## EXERCISE DIRECTIONS
What is the number of lines in the entries below that include the word "Clothing"? Provide the number only.

## RECORDS FOR PROCESSING
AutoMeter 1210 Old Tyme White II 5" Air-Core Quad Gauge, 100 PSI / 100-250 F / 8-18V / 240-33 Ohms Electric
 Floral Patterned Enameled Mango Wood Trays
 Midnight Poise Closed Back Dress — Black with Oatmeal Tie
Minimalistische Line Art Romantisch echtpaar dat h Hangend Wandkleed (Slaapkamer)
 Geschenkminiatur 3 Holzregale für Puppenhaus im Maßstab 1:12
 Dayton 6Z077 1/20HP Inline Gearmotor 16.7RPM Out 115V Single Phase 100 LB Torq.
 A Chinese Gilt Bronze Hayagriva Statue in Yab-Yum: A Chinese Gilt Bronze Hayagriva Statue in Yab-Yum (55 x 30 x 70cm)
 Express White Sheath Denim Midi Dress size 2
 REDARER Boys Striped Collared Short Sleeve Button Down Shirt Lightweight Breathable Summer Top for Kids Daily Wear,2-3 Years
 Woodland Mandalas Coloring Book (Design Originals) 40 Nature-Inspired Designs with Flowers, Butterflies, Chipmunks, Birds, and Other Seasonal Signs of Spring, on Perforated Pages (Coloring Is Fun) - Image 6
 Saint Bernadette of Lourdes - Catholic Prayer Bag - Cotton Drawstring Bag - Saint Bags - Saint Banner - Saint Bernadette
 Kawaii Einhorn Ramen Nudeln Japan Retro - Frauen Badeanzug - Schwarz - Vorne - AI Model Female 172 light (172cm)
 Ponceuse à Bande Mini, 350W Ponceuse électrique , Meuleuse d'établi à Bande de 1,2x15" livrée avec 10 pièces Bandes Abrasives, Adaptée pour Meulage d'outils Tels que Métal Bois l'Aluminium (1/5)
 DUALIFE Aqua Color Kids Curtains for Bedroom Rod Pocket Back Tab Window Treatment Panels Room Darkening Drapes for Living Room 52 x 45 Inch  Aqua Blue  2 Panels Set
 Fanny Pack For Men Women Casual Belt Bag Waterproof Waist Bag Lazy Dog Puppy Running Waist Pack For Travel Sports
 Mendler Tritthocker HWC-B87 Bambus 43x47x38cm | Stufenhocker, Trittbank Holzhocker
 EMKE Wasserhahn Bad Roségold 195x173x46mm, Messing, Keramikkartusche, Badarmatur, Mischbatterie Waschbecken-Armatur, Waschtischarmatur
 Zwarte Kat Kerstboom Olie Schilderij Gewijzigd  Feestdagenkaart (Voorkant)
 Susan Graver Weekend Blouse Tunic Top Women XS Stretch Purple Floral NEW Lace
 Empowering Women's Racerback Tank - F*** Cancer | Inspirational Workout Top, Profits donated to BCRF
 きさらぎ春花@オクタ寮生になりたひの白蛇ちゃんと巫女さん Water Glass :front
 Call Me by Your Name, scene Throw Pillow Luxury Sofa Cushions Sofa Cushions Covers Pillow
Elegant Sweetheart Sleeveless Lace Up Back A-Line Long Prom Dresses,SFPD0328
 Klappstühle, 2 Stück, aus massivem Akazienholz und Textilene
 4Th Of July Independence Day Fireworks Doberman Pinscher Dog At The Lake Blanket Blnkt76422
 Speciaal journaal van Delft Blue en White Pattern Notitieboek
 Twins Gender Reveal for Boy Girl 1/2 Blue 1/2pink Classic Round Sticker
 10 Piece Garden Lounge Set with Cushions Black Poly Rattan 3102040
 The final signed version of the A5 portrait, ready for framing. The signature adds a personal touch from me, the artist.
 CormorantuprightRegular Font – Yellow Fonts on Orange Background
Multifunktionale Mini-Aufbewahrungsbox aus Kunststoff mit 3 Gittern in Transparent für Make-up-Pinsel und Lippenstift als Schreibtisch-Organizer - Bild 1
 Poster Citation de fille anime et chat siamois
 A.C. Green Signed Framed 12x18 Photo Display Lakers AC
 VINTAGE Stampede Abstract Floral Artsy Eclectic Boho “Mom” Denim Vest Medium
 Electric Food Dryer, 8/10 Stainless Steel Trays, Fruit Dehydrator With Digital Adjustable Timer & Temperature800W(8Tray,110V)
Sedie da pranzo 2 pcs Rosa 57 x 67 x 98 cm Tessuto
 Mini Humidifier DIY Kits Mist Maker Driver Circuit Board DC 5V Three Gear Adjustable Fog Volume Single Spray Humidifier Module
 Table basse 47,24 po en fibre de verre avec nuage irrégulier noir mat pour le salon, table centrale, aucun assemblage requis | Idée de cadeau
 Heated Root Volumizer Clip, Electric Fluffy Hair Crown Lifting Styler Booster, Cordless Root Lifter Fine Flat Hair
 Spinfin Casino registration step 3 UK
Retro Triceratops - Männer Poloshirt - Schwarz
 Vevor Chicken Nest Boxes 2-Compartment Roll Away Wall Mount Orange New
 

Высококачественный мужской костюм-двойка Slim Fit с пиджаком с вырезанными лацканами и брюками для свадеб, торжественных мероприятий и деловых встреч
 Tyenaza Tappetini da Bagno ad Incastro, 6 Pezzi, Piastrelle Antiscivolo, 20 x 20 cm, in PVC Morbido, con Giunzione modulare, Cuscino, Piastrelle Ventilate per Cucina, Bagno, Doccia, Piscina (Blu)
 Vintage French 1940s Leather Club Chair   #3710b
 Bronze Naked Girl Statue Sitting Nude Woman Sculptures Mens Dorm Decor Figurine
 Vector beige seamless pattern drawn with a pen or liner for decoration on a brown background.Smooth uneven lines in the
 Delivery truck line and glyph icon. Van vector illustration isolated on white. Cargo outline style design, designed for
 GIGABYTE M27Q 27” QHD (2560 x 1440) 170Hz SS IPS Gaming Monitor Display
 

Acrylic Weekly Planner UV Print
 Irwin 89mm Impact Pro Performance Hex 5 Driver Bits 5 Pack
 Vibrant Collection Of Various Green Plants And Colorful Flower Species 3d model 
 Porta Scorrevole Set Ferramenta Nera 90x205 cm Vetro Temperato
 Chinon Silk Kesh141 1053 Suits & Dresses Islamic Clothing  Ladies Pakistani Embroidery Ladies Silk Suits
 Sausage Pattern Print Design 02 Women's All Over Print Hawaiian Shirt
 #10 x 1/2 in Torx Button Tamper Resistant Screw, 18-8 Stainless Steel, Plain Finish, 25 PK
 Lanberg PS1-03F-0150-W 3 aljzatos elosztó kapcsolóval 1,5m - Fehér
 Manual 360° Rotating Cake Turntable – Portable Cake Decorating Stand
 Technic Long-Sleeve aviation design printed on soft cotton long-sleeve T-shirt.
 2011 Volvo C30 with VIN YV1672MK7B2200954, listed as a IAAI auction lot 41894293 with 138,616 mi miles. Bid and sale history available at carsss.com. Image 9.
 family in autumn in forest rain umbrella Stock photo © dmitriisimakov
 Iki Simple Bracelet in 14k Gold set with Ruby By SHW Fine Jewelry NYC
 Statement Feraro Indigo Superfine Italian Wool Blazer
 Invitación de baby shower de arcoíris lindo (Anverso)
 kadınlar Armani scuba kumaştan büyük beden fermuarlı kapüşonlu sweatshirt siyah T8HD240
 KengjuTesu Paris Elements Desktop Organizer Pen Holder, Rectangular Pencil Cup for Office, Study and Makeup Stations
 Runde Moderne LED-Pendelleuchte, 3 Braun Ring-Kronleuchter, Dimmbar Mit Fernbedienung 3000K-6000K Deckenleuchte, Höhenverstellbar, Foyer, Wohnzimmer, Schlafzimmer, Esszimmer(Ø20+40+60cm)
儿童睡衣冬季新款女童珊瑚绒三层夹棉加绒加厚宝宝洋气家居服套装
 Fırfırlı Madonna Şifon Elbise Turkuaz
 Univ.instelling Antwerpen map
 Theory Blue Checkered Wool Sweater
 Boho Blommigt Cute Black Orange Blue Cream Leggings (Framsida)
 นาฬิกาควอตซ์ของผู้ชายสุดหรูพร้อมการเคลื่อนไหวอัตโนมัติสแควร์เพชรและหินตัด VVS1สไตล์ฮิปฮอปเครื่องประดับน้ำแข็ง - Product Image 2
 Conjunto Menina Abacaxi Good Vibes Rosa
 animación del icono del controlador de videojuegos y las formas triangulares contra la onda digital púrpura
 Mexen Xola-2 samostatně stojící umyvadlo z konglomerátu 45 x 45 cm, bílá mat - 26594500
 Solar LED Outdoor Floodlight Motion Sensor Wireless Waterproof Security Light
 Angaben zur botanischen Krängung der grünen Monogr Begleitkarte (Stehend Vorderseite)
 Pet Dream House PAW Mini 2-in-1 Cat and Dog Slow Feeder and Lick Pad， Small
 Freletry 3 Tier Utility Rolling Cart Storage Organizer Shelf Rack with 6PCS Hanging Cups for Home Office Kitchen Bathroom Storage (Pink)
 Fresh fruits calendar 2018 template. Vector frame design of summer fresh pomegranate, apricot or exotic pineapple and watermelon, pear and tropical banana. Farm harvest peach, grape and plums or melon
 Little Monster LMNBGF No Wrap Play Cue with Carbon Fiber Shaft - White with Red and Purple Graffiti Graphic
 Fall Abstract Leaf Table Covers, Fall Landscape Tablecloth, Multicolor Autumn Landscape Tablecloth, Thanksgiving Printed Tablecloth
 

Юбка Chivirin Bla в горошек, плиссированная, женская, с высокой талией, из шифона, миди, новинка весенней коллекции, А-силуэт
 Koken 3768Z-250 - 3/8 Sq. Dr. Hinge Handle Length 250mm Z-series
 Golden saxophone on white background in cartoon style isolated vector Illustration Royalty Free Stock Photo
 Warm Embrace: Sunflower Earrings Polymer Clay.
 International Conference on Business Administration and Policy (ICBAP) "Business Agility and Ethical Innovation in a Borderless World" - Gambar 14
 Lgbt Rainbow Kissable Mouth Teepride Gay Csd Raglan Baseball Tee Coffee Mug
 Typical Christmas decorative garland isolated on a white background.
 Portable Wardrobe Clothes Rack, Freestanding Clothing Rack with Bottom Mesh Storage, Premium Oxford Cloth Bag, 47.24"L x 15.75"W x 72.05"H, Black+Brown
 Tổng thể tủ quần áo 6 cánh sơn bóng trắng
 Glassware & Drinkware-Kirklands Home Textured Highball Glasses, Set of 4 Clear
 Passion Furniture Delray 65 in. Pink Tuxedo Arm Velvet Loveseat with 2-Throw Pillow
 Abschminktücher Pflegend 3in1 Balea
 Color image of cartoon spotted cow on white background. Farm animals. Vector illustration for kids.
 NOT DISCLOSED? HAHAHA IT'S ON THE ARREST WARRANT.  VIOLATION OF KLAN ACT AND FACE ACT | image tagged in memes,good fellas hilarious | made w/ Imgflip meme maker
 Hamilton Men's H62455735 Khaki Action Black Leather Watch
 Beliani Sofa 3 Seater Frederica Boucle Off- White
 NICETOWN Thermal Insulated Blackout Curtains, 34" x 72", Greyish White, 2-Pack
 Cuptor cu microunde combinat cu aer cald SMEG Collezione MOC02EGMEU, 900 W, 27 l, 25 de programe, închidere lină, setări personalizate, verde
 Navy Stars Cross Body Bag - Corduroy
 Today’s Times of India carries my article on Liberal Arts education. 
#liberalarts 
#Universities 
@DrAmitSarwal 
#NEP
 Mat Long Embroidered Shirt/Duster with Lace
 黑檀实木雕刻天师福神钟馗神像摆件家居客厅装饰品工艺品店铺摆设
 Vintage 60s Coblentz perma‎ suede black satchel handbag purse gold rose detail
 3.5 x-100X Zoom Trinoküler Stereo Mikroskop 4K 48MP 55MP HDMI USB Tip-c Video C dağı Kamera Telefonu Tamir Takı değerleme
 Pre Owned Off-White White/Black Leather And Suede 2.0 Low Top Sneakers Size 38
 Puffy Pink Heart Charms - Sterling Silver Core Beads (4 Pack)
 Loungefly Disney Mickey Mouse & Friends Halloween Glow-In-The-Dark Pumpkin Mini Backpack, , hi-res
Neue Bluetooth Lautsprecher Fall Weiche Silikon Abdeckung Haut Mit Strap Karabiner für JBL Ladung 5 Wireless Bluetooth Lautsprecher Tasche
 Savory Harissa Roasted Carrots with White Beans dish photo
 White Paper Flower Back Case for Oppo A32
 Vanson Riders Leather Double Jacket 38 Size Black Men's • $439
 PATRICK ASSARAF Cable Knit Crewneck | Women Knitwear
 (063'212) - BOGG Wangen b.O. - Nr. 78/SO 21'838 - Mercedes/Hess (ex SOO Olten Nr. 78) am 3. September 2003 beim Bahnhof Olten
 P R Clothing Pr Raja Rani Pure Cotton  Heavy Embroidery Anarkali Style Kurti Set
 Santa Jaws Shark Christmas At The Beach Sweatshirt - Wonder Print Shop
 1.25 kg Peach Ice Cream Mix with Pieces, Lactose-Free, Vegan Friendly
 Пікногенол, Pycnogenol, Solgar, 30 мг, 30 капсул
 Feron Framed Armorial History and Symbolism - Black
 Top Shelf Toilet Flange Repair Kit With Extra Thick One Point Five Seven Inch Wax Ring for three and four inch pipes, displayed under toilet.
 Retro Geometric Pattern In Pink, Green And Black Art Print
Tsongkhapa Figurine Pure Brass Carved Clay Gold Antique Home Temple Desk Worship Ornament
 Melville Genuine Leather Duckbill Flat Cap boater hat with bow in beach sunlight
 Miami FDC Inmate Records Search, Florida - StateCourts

## ANSWER BOX
3